One can also apply new approaches to learn about the relative contribution of the different factors that shaped the genealogical ratio. Notably, as different types of mutations have distinct dependencies on life history parameters but X to autosome ratios corresponding to these types share the same genealogical history, one can make inferences about life history parameters (and the corresponding mutational spectrum) by requiring the same genealogical X to autosome ratio for different types of mutations (Gao, Moorjani et al., in preparation). Specifically, this approach may allow one to learn about the effects of the ratio of male to female generation times on the genealogical ratio. In addition, one could imagine using pairwise sequentially Markovian coalescent (PSMC) based inferences about historical effective population sizes on X and autosomes, to learn about the effects of bottlenecks, e.g., the OoA bottleneck, on the genealogical ratio directly rather than through simulations (cf. (64, 11)). Moreover, it may be possible to extend PSMC to use data from X and autosomes jointly in order to infer historical changes in female and male effective population sizes over time, and examine, for example, if they exhibited dramatic changes during the Out of Africa bottleneck (i.e., to examine the hypothesis of (8)).

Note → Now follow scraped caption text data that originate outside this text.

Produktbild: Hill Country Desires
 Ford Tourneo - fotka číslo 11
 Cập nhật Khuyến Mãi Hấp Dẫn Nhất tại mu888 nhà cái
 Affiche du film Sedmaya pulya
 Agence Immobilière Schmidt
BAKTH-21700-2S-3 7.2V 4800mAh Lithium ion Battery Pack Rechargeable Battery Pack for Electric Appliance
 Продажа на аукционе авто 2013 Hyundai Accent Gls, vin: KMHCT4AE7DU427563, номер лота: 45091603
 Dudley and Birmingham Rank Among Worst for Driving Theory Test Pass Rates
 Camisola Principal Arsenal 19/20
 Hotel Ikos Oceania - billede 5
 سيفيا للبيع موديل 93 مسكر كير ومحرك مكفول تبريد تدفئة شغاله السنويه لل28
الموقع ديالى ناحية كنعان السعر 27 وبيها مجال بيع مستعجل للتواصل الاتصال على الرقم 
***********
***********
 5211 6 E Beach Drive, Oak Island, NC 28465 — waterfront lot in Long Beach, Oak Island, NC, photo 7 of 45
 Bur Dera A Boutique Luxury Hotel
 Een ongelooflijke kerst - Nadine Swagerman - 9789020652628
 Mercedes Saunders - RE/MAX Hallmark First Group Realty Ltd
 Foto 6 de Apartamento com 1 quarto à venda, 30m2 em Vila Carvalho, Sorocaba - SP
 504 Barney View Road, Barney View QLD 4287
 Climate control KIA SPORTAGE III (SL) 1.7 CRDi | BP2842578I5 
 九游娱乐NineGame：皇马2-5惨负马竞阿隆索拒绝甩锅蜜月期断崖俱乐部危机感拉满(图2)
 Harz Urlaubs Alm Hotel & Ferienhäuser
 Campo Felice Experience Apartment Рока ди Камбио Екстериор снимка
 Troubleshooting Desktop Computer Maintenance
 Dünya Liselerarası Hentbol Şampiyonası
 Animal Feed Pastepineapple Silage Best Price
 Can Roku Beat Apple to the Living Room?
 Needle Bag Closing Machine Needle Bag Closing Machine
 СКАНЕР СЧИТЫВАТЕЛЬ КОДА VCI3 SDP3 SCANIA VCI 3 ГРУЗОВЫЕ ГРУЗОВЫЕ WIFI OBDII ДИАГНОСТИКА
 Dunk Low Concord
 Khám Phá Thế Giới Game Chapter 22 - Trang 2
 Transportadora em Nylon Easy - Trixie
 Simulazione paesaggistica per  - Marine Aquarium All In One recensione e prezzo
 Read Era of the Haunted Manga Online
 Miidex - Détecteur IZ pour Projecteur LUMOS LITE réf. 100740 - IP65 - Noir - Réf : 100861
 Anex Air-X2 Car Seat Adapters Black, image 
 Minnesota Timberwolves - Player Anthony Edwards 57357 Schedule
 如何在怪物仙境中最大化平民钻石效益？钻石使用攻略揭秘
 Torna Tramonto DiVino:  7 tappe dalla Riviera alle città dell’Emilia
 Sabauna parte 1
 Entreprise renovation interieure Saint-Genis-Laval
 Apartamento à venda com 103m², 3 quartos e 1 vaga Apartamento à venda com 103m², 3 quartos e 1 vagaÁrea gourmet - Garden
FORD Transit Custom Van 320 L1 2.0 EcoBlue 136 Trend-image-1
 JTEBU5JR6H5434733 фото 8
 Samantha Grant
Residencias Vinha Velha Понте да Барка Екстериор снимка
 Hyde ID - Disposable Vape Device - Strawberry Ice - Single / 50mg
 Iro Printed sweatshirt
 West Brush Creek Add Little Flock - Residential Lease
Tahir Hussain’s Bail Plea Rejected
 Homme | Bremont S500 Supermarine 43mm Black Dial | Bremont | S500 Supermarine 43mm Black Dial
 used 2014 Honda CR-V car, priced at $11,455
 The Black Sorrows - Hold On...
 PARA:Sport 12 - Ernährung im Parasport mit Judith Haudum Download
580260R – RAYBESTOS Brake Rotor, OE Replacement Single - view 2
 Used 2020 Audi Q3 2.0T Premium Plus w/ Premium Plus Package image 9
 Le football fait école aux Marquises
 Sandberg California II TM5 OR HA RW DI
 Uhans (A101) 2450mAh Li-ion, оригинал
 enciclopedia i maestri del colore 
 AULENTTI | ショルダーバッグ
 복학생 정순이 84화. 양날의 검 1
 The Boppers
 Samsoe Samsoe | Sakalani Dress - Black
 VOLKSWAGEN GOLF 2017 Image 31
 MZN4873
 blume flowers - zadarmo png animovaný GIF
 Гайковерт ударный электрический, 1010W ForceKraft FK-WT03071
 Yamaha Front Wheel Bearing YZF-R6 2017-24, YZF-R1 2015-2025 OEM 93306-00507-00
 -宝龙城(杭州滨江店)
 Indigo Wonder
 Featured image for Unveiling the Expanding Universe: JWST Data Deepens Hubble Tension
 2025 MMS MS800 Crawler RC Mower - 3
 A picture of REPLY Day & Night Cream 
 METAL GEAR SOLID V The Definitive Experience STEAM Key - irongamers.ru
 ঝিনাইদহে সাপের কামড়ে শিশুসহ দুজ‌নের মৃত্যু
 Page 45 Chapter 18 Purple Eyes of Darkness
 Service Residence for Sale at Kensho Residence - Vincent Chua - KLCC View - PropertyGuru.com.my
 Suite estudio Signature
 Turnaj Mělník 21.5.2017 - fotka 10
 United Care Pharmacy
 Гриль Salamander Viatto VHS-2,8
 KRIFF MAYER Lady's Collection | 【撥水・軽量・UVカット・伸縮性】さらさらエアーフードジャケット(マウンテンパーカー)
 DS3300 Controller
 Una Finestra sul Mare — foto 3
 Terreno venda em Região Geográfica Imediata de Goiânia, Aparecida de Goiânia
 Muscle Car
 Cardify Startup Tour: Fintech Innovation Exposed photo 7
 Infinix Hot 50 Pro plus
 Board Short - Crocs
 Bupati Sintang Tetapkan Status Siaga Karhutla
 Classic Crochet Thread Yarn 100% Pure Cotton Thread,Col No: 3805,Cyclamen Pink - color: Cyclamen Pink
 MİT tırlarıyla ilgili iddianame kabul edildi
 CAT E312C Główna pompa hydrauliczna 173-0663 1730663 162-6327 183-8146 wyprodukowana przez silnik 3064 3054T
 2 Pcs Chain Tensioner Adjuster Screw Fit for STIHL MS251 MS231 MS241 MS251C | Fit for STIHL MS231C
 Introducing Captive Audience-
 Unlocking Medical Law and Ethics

More generally, all the factors that are thought to affect neutral polymorphism levels on X and autosomes can now be integrated into a coalescent framework, providing a natural way to quantify how their effects combine, and an efficient model from which to simulate. Our results describe how life history factors affect the effective population sizes on X and autosomes in the Kingman coalescent. The integration of other factors then follows from their known descriptions in terms of the coalescent, starting from these effective population sizes. For example, the effects of changes in population size and generation times can thus be integrated as appropriate changes to the effective population sizes on X and autosomes backwards in time. Moreover, the effects of linked selection on relative diversity levels along the genome also follow from their description in terms of the coalescent (e.g., (65−67)), starting from these effective population sizes. Lastly, the effects of life history on mutation can be incorporated in terms of mutational models akin to our hominid model. With the theoretical framework in place, and the data needed to infer the effects of each factor either already present or around the corner, a comprehensive, quantitative understanding of diversity levels on X and autosomes in hominoids and other taxa should be within reach.
Acknowledgements
We thank M. Przeworski for many helpful discussions and comments on the manuscript.